Church and State vs. Special Interests

Religious groups are political powerful, I told him, and they no doubt have had some influence on the development of America’s wine laws. But that’s not the reason the laws don’t change, I said. It is the interests of those who gain from the current set up. He wasn’t convinced. He seemed to think that a moral explanation was inherently more persuasive (or more American?) than an economic one. But I still think I’m right.

My explanation — that economic forces organize around any set of regulations, become entrenched and use their political and economic clout to prevent change — has a good economic pedigree. It is the theory of structural rigidities developed by Mancur Olson in his two classic books, The Logic of Collective Action and The Rise and Decline of Nations.

Olson’s theory is elegantly simply. Restrictive economic arrangements benefit a small number of actors a great deal, so they have a strong incentive to organize and fight change. Eliminating the restrictions benefits a larger but widely diffused set of actors who have correspondingly smaller individual incentive to take action.

Even though the collective gain from liberalizing arrangements is likely to exceed the collective loss, the concentrated established interests have more of an incentive to influence legislators and regulators than the general public. This is why regulations, once enacted, are difficult to change. Public gain cannot seem to trump concentrated private interests.

Olson developed this theory in The Logic of Collective Action and used it in The Rise and Decline to explain why rich, stable economies sometimes experience slower growth rates. Stability allows interests to become entrenched and structural rigidities to solidify. Change becomes more and more difficult and potential collective gains from innovation are systematically sacrificed on the altar of vested interest.

Every once in a while, Olson argued, advanced nations need something that will shake things up and weaken the grip of special interests. Then all sorts of change becomes possible.

A Loaf of Bread But No Jug of Wine

An article by Graham Rayman in the August 11, 2009 Village Voice provides evidence to support this theory. New York is one of 15 US states where it is illegal to purchase wine or beer in a supermarket (and you can’t buy bread or cheese in a NY wine shop, either). It isn’t so much separation of Church and State as the division of  Wine and Cheese. Supermarkets can sell wine, beer and spirits as provided by the law, and some do this, but they must have separate stores with separate entrances, checkout stands and so forth.

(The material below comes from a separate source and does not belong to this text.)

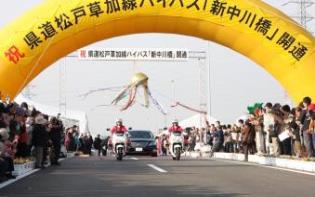 新中川橋開通イベントで、大きな黄色のアーチの下で大勢の人が見守る中、1台の黒い車と2台の白いバイクが走っている写真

Two doors, two lines, two sets of store staff. Greater legal control alcohol sales is possible, I suppose, but at a considerable sacrifice in convenience.  It is probably not a surprise that wineries and wine enthusiasts would want to change this, but it isn’t an easy thing to do.

The Village Voice article explains how liquor store interests organized and lobbied the NY legislature to kill a recent bill that would have permitted supermarket sales. The main force behind the proposal was the state government’s need for revenue — the state projected that increased sales though supermarkets would have added to state tax coffers. The story focuses on the anti-reform lobby — it would be interesting to know more about than the author reports here about how supermarket chain and corporate wine producer interests reacted to the bill. But the point about the blocking power of small but concentrated interests is well made.

Shake It Up, Baby

Supermarkets are just one distribution vector for wine, of course, and New Yorkers have many competitive specialist stores to keep prices down and service up, so we don’t need to feel too sorry for them. But it does seem that the increased convenience of grocery store sales would help expand the wine market and promote wine as a lifestyle choice. It’s too bad the reform effort failed.

The inconvenience of wine buyers in the 15 supermarket-ban states is important, but the grip of special interests on wine regulations extends to other areas.The cumbersome three-tier distribution system and restrictions on inter-state wine shipments are two other areas where entrenched interests have successfully fought off liberalization efforts.The result is the restrictive system my European friend finds so difficult to understand.

If Mancur Olson is right, restrictive regulations will be difficult to change unless something happens to shake things up. Maybe the economic crisis, which has put every link in the wine value chain under stress, will ultimately provide just such an opportunity. Consumers, wine producers and even state tax departments all have something to gain from changing the system now.

We Will Sell No Wine [Reform] Before Its Time

I told my European friend not to hold his breath waiting for wine reforms to trickle up from grassroots wine enthusiasts. The real hope is that the big players will push for liberal reforms.

Personally, I pin my hopes on Costco, the largest single wine retailer. And I wonder if Wal-Mart will get involved now that it is selling wine in many stores (it even has its own version of a Two Buck wine called Oak Leaf). OK, Wal-Mart is a long shot, given its Arkansas roots, but these are unusual times — almost anything is possible.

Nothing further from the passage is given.